Our customer has a primary hub and a few secondary hubs. After upgrading to 23.4 CU1 he started to update the robots. He is doing this by dropping the robot_update on the hubs in IM. This will update the robots attached to this hub. For the hubs with less amount of robots this works fine. For the hub with over 900 robots this works only partially. 123 robots are updated correctly and the rest are no longer in the IM under the hub. In the controller log of such a robot we see these error messages:
Controller: failed to send alive (async) to hub HUBXXX(<ip_address>) - not found
Controller: failed to send alive to hub HUBXXX(ip_address>) - not found
We have restored a backup of the robot.sds file on the secondary hub and restarted. After this, all robots are listed under the hub in IM but many of them still with robot version 9.39 and older.

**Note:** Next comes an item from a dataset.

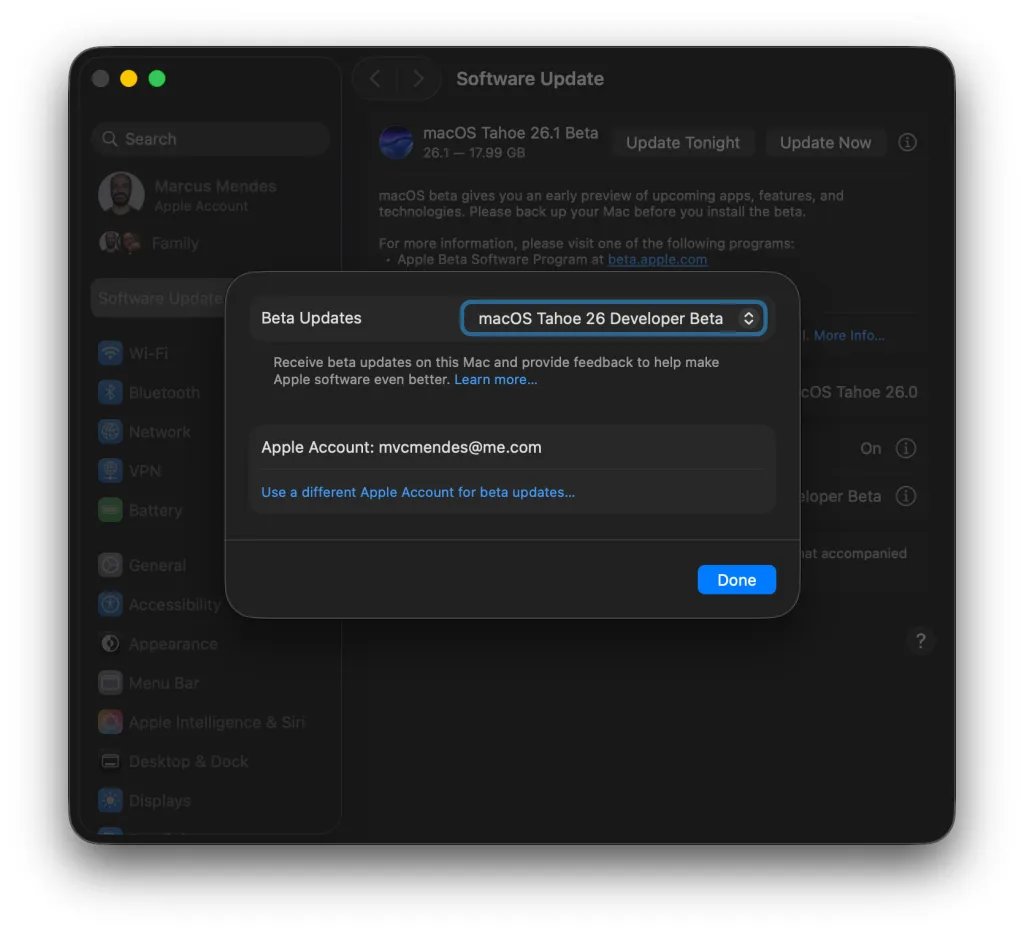 Apple تطلق نظام التشغيل macOS Tahoe 26.1 RC 6 1761682198 830 macos 26 1 beta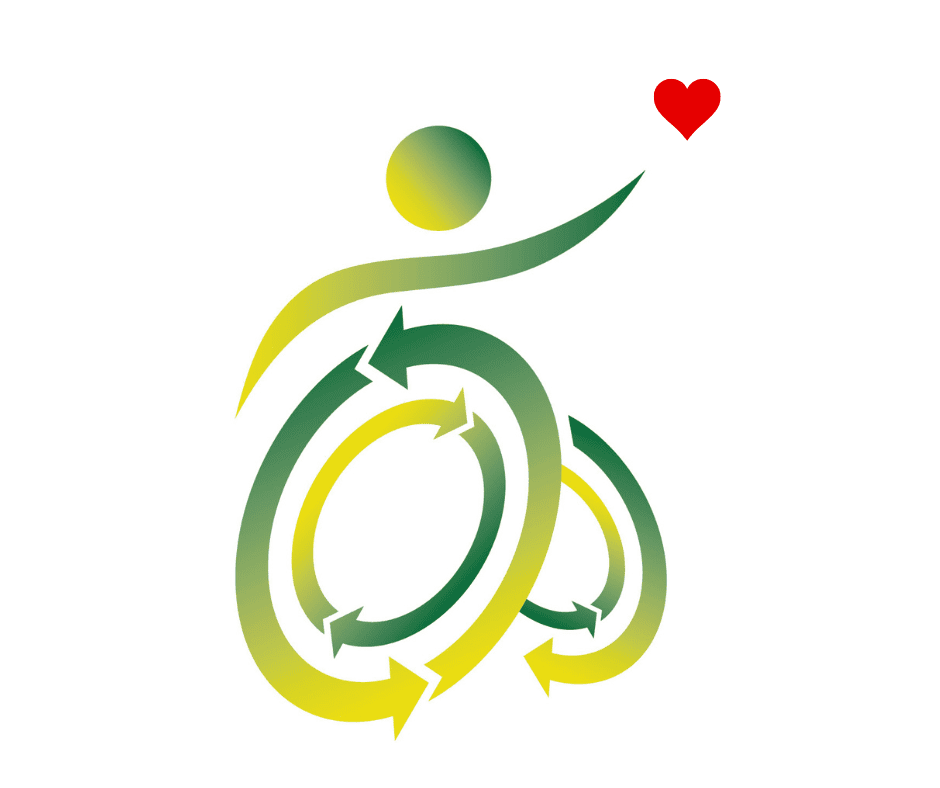 REquipment wheelchair person icon tossing a heart into the air.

Is this a known problem? I cannot reproduce this problem because I donĀ“t have such a large number of robots.
Workaround:
1. Enable Groups node in IM
https://knowledge.broadcom.com/external/article/10343/infrastructure-manager-groups-node-how-t.html
2. Set up 100 robots in an Infrastructure Group. The safe number within IM when using distsrv to deploy robot_update is under 100 updates at a time.
3. Deploy the robot_update
4. Repeat the process until completed.
If the older robots like 7.80 fail to accept the update you should see some errors in the distsrv log when set to loglevel 5 and logsize 200000.